Dietro quella lapide nell'aula del Nuti c'è veramente Malatesta Novello? Resti riesumati

Quando parliamo di riesumazione di cadaveri siamo abituati a pensare all'esame del Dna su persone uccise in modo violento, ma le indagini sulle spoglie di un cadavere si praticano anche per motivi storici

Testimonianze scritte e documenti raccontano gran parte della nostra storia, ma non tutto. Se potessimo compiere analisi scientifiche su resti, materiali e parti concrete relativi a quegli anni ne sapremmo sicuramente di più. Ed è proprio capire di più l'obiettivo del progetto di indagine archeologica antropologica promossa dalla Biblioteca Malatestiana in collaborazione con il dottor Francesco Maria Galassi (senior research Associate presso l'Università di Flinders in Australia e membro fondatore della scuola di storia della medicina dell'Ordine dei Medici di Rimini) sui resti di Malatesta Novello che riposano sulla parete di fondo dell'Aula del Nuti. 

Quando parliamo di riesumazione di cadaveri siamo abituati a pensare all'esame del Dna su persone uccise in modo violento finalizzato al recupero di prove utili a scoprire il colpevole, ma le indagini sulle spoglie di un cadavere si praticano anche per motivi storici, per capire se quei resti sono effettivamente quelli della persona indicata e, soprattutto, per saperne di più sulla sua salute, lo stato di salute, il motivo del decesso e addirittura sulla dieta. Successe così alcuni anni fa con Otzi, la mummia del Similaun, i resti di un uomo che aveva vissuto intorno al 3200 avanti Cristo ritrovati praticamente intatti grazie alle bassissime temperature dell'alta Val Venosta. Gli studiosi, attraverso i vari esami, riuscirono addirittura a capire cosa mangiò la sera prima di morire, la causa della morte e come viveva. 

Il sindaco Lucchi presenta l'intervento: IL VIDEO

Difficile pensare che si possa fare la stessa cosa con Malatesta Novello anche perché quelle considerate da sempre le sue spoglie sono state aperte e chiuse varie volte magari compromettendone il contenuto. C'è grande attesa, infatti, sul momento esatto in cui verrà aperta l'urna che dal 1465 dovrebbe custodire quello che rimane  del signore di Cesena. Ci saranno ossa? Gli stivali (di cui parla un documento storico in cui si racconta che una volta aperta la cassa in cipresso il cadavere a contatto con l'aria divenne cenere, facendo rimanere solo stivali e qualche ossa) ci saranno ancora? Si potranno recuperare parti importanti di tessuto per effettuare eventualmente anche una ricerca del Dna? 
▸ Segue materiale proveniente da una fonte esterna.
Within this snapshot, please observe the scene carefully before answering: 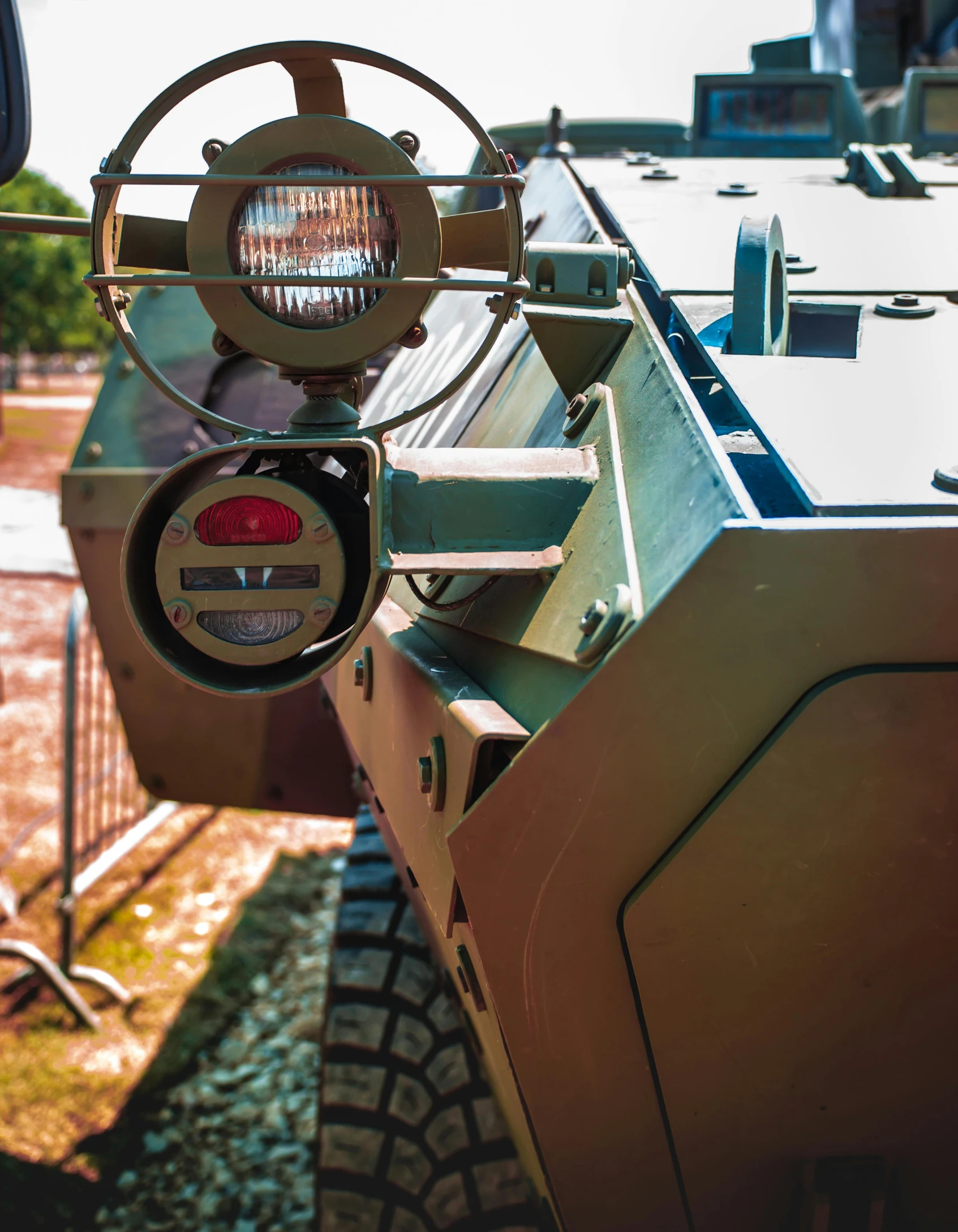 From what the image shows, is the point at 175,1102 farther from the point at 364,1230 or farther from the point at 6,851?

Tutte domande a cui si risponderà tra giovedì e sabato, lasso di tempo in cui si effettueranno le prime concrete indagini. "La prima ispezione prenderà il via giovedì mattina - ha spiegato Elisabetta Bovero, dirigente della Biblioteca Malatestiana - Sempre sotto l'alta sorveglianza della Soprintendenza Archeologica Belle Arti e Paesaggio per le province di Ravenna, Forlì-Cesena e Rimini. Non sappiamo ancora se l'apertura dell'urna funeraria avverrà giovedì stesso o sabato mattina. Dipende da alcune variabili che riusciremo a capire meglio sul momento. Si procederà comunque all'inventario dei resti, la loro ricognizione fotografica e se possibile anche una tac. Durante queste operazioni saranno prelevati anche alcuni microframmenti per consentire l'esecuzione di ulteriori verifiche, prime fra tutte quella con il radiocarbonio che consentirà di stabilire con certezza l'epoca dei resti". 

"Prima di tutto - ha spiegato il dottor Galassi - vogliamo capire se c'è qualcosa dietro a quella parete. Poi, una volta che avremo aperto l'urna, avremo l'esatta idea di come procedere e che esami poter compiere". Ovviamente la speranza di tutti è che siano resti "chiacchieroni" e che, col solo fatto di aver resistito al tempo, possano raccontarci molte cose che ancora non sappiamo, regalando a tutti i cesenati, ma anche agli appassionati di storia, molte soddisfazioni. "E' un'indagine dovuta  - hanno spiegato l'assessore alla cultura Christian Castorri e il sindaco Paolo Lucchi - anche per togliere dal dubbio tutti i cesenati che, senza una certezza, hanno sempre pensato che lì dietro a quel muro ci fossero i resti di Malatesta Novello, custoditi proprio nella Biblioteca voluta da lui. Ora il momento di quel riesame è arrivato".